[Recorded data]

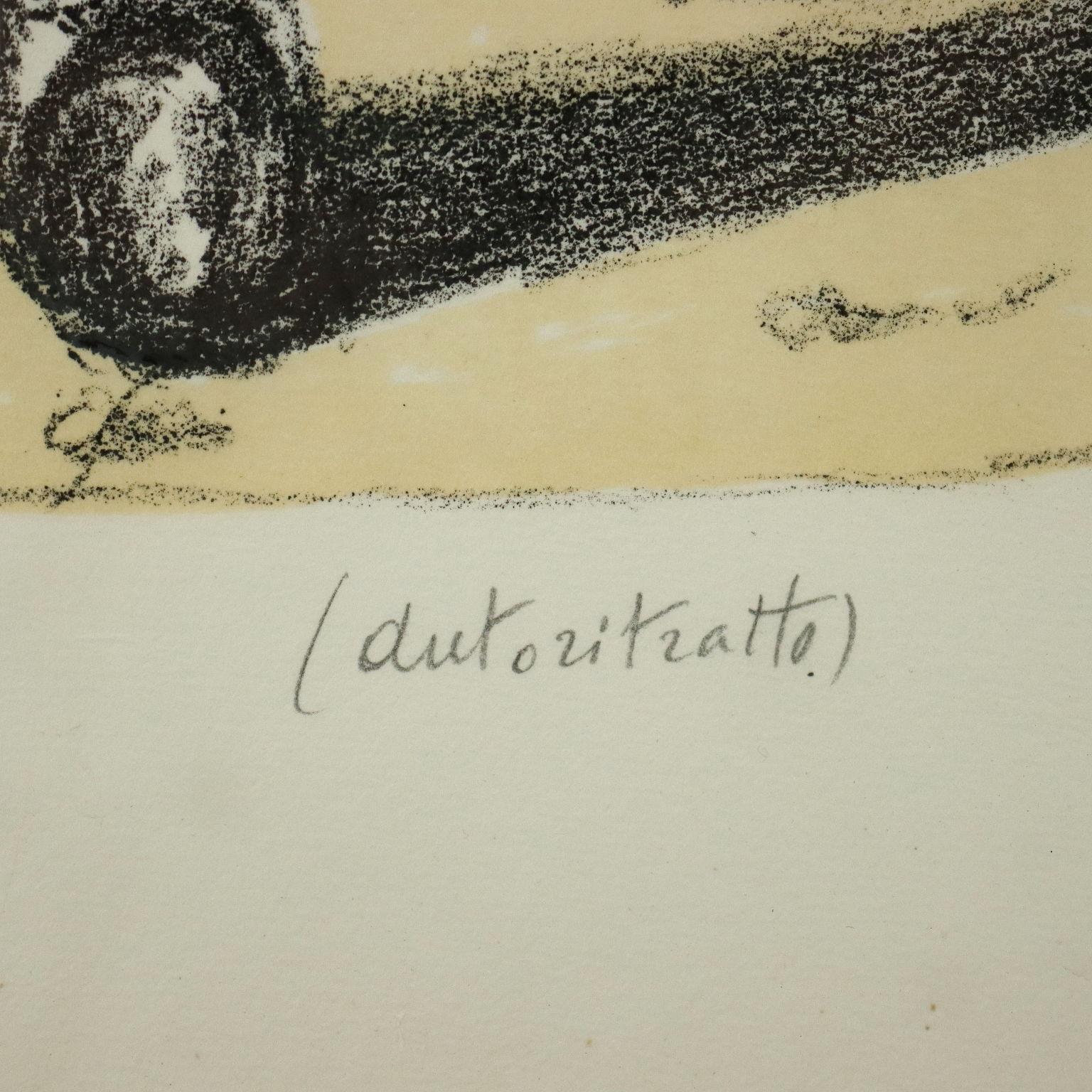 Giorgio De Chirico ( 1888 – 1978 ) – Autoritratto – hand-signed lithograph –1970 For Sale 6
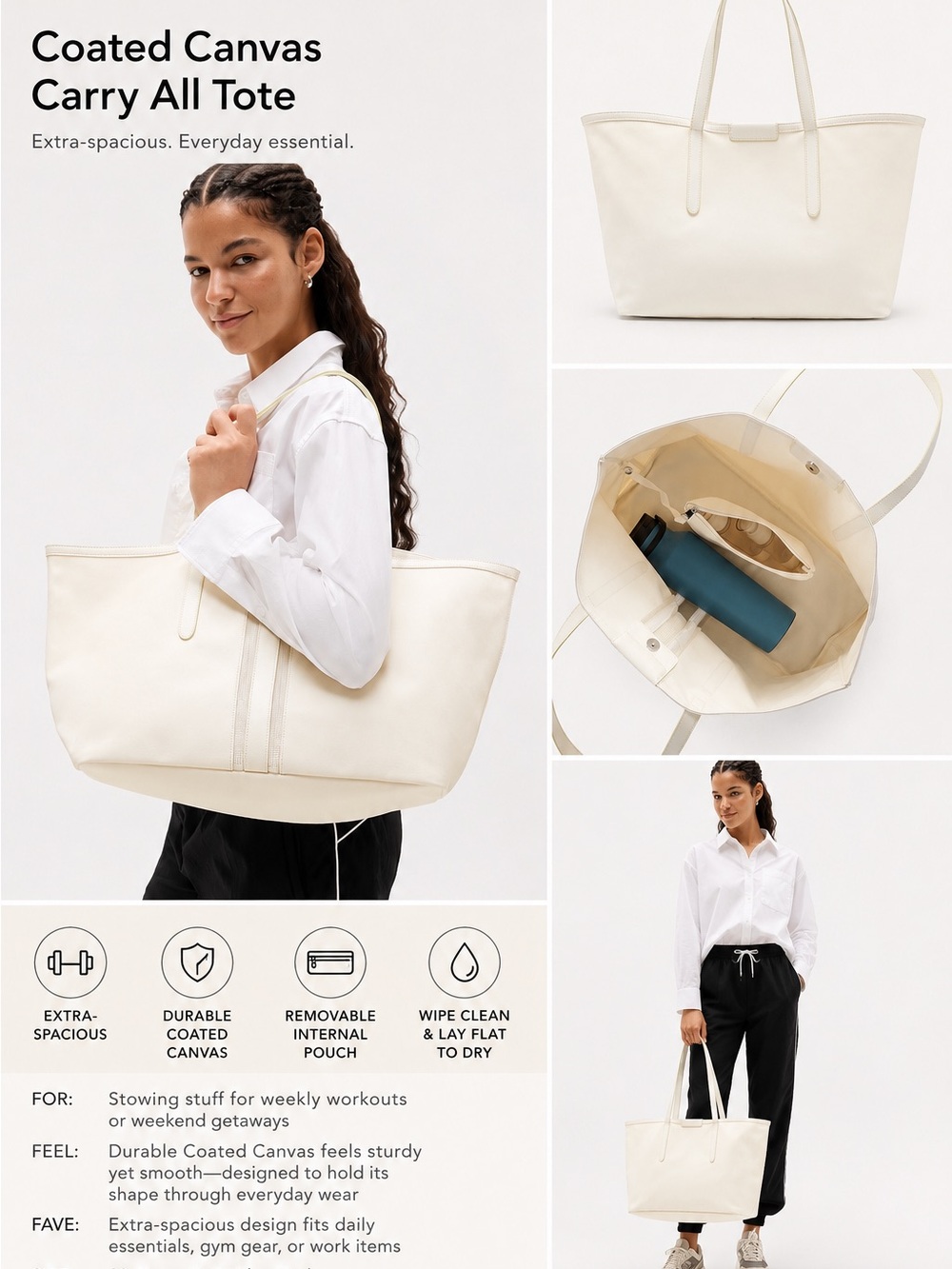 NWT Athleta Cream Coated Canvas Tote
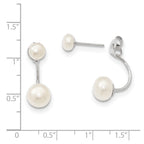 Sterling Silver Rhodium-plated 5-6mm and 8-9mm White Button Freshwater Cultured Pearl Front and Back Post Dangle Earrings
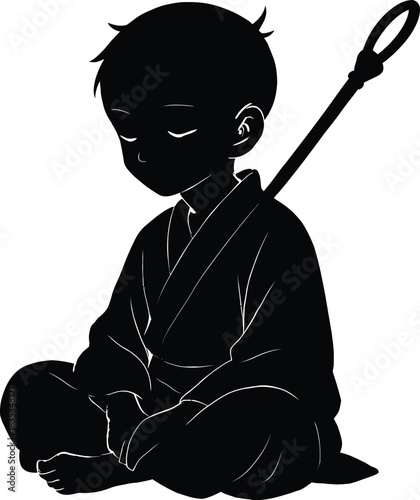 A silhouette of a young boy sitting with a staff over his shoulder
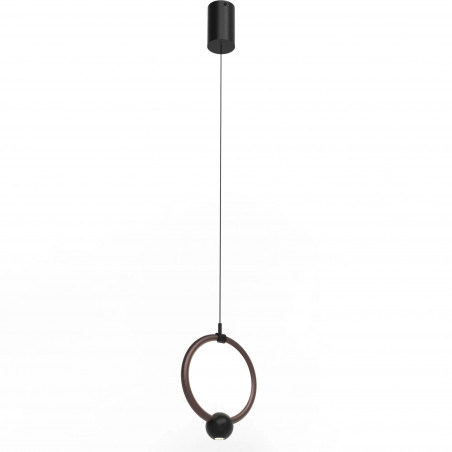 Lampa wisząca Kula Yaskr | Brązowa i Czarna | LED 20cm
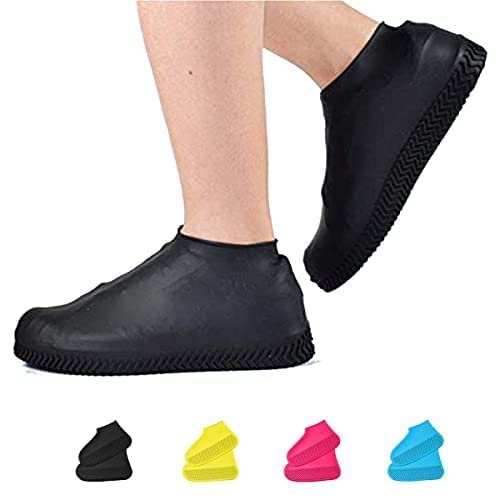 VBoo Waterproof Shoe Covers, Non-Slip Water Resistant Overshoes Silicone Rubber Rain Shoe Cover Outdoor cycling Protectors apply to Men, Women, Kids (X-Large, Black)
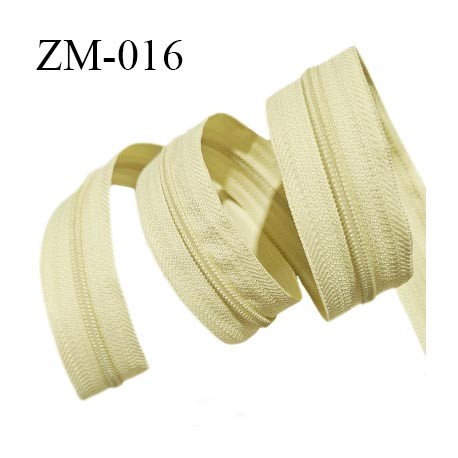 Fermeture zip au mètre couleur jaune pâle largeur 25 mm largeur du zip nylon 4 mm prix pour un mètre vendu sans curseur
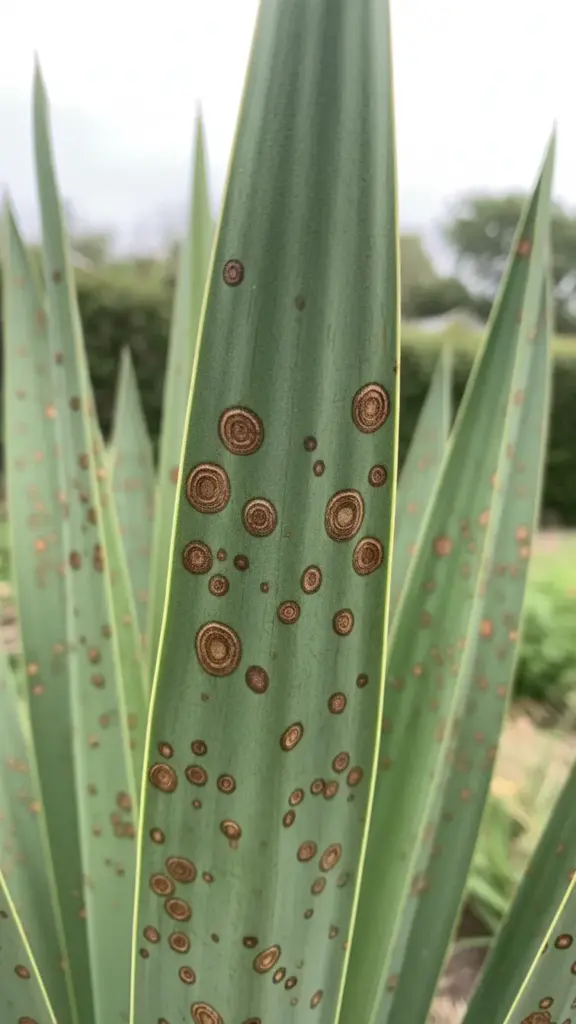 Yucca leaf with concentric ringed brown spots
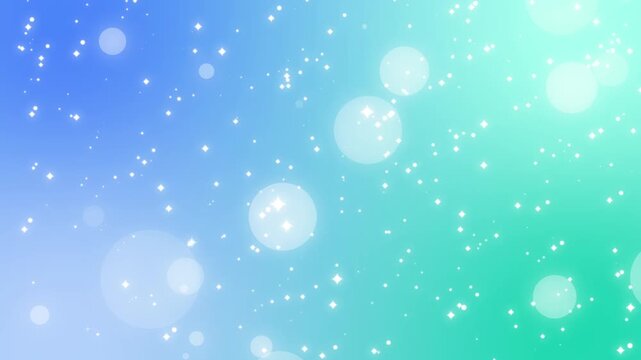 幻想的な玉ボケときらめきが舞い上がるパーティクルのブルー背景　ループ可能　4Kアニメーション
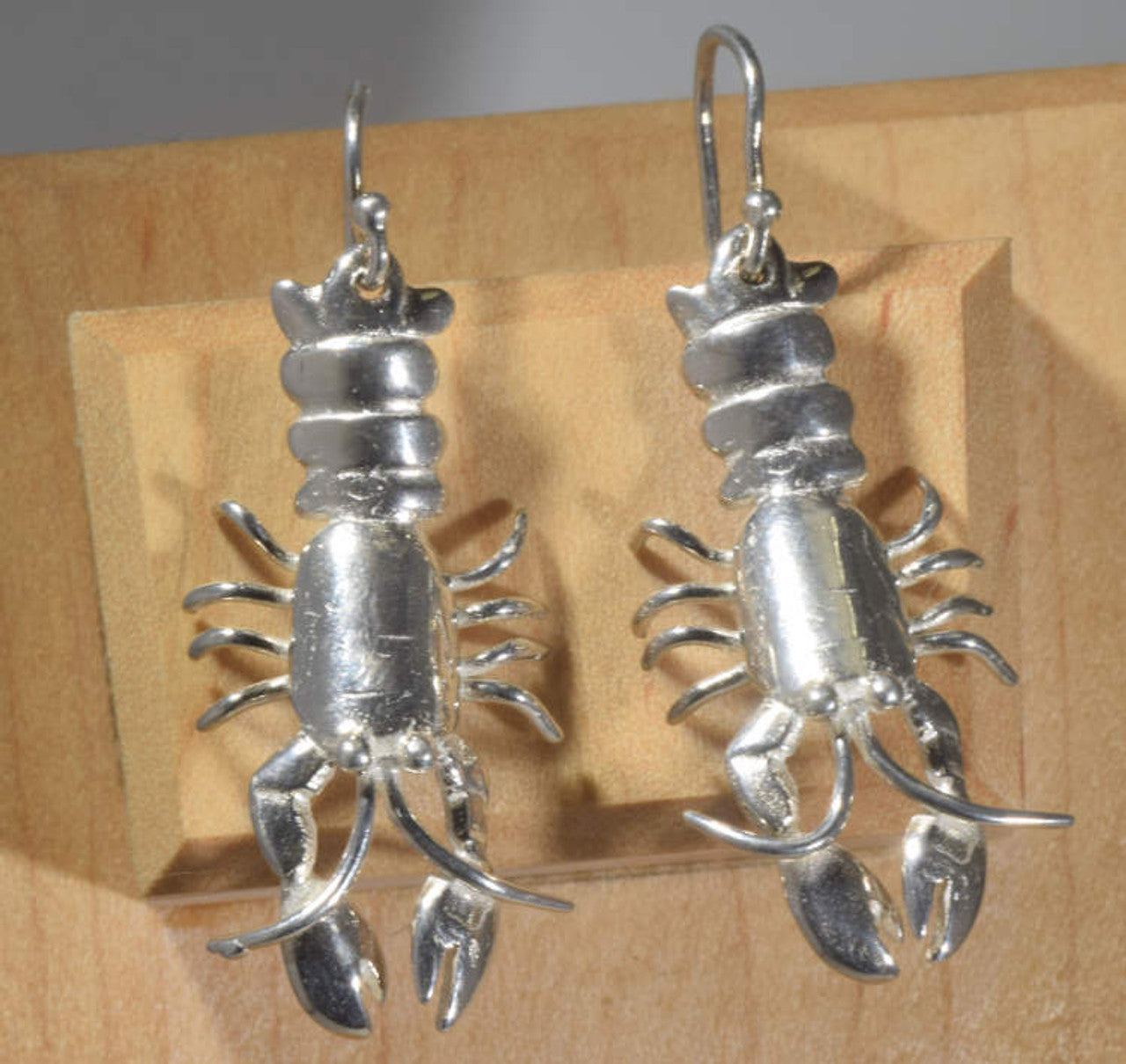 Maine Lobster Silver Dangle Earrings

Work instructions >> Each line from the one with "Yucca leaf with" to the final line of the data above is to be printed exactly; no picture should appear in the copy.

Written reply >>
 Yucca leaf with concentric ringed brown spots
 幻想的な玉ボケときらめきが舞い上がるパーティクルのブルー背景　ループ可能　4Kアニメーション
 Maine Lobster Silver Dangle Earrings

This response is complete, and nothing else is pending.